Incentivising Nigerian smallholder farmers to use a bio control to protect their maize.

Can we use market systems theory to predict the impact of a Pay-for-Results (PfR) prize competition? Looking at AgResults’ experience of incentivising AflasafeTM uptake in Nigeria, the answer may be yes.

It’s been almost five years since AgResults launched the Nigeria AflasafeTM Challenge Project. It is designed to spur private sector-led adoption among smallholder farmers of a bio control product called AflasafeTM that inhibits aflatoxin growth in maize.

The project has been largely successful in incentivising uptake. In its fourth full growing season, over 25,000 farmers applied AflasafeTM to over 73,000 metric tons (MT) of maize.

Yet how these results have built on previous seasons does not fit the project’s original expectations of scale. Upon further reflection, it’s clear that applying a market systems framework could have given us a more realistic theory of change for what has happened in Nigeria.

The initial project design developed for this project anticipated that the PfR prize mechanism, which offered a per ton incentive to all participants that aggregated AflasafeTM-treated maize, would lead to systems change through an increased farmer awareness of AflasafeTM. From there, other actors would “crowd in” to see how they too could benefit from the incentive.

The prediction was that once a certain threshold of treated maize was reached using a subsidised intervention such as a PfR prize, the public sector would respond by enforcing aflatoxin standards. This would create a positive feedback loop that would increase awareness and further adoption of the product. When we look back at how those expectations were derived, we find it would have been more accurate to apply a market systems framework to predict results.

Assumptions versus results: what a market systems change framework could have told us

Market systems change framework

In reviewing the results from all completed project seasons, we realised that initial assumptions for scale had not appeared. Uptake was slower than anticipated since farmers and aggregators wanted to test and convince themselves of the efficacy of Aflasafe. The per-farmer adoption of AflasafeTM has been lower than projected. We decided to analyse the results within a framework more commonly used in conventional economic growth programmes — specifically a market systems change framework (see diagram) — to see if that could have better predicted the actual results.

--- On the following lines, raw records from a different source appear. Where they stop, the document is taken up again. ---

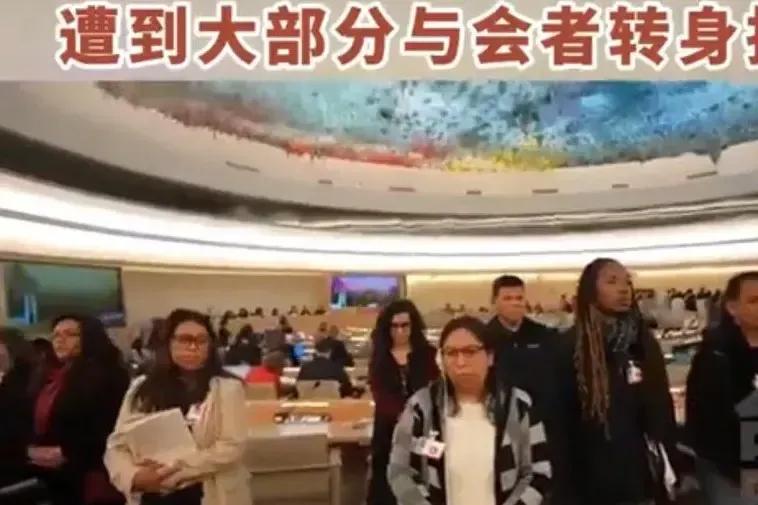 在瑞士日内瓦的联合国人权理事会上，美国大使米歇尔·泰勒的发言遭遇了严重的尴尬场面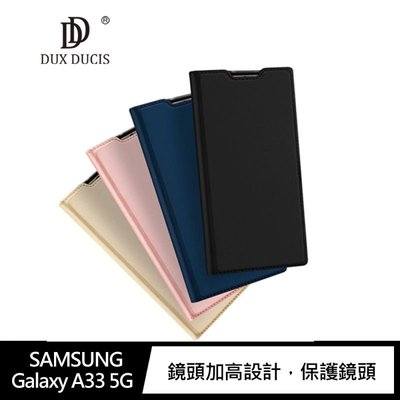DUX DUCIS SAMSUNG Galaxy A33 5G SKIN Pro 皮套 插卡 支架可立 手機皮套 手機殼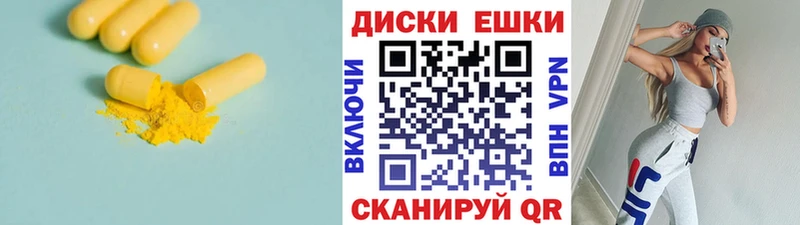 ЭКСТАЗИ бентли  Звенигово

The results to date have been somewhat encouraging in showing a market leaning towards systemic change. The graphic shows the Adopt-Adapt-Expand-Respond (AAER) framework, which when applied ex-post turns out to be a good predictor of what has happened in Nigeria. Over four years, we have seen participants largely respond in ways that the framework would have predicted had we used it to inform the project design and its outputs. Here are some of those ways:

  1. Early competitors adopted a radically new mechanism but were cautious and deliberate in testing the new product over the first two years.
  2. Some of those competitors adapted business models and have taken the product to scale to take advantage of the project incentive.
  3. Each year, additional firms have joined after seeing the initial success of others, expanding the reach of the project
  4. This adaptation and expansion has led to tens of thousands of farmers participating, and hundreds of thousands of tons of AflasafeTM-treated maize produced. Some competitors are receiving a premium for the maize, while others are actively lobbying the government to institute stronger aflatoxin control standards that would further increase demand for the product.

Conducting this review has helped us understand some of the nuances that also drove differences in scale between design assumptions and actual results. One major difference is in the number of initial farmers and output per farmer. The initial years were largely an exercise in proving the product’s efficacy and its use before competitors and farmers truly believed in it. Therefore, the output was quite low on a per-farmer basis until the third year of the project. This is an important lesson for us in being able to better plan for a prize incentive’s potential uptake and reach.

Another assumption in the initial design - and key to achieving systemic change - is that the private sector response and creation of a premium product in treated maize would lead to a public sector response in the form of increased aflatoxin standard enforcement. Already, some competitors have begun to lobby their regional governor to enforce aflatoxin standards. Perhaps more importantly, the project has proven that AflasafeTM can work on a wide scale and can lead to market premiums for treated maize. This development has fueled new funding for broader commercialization of AflasafeTM in Nigeria.

Aligning PfR prize competition design with development tools and approaches

Our ex-post analysis of the results in Nigeria hints that pay-for-results prize competitions can be designed in part using similar market system tools and frameworks that are normally used in development programming. AgResults is currently designing new prize competitions, and we are actively testing some of these project design tools to see what works. If we obtain results that validate our findings above, we will be able to update the prize competition design process to be more accessible to the development community.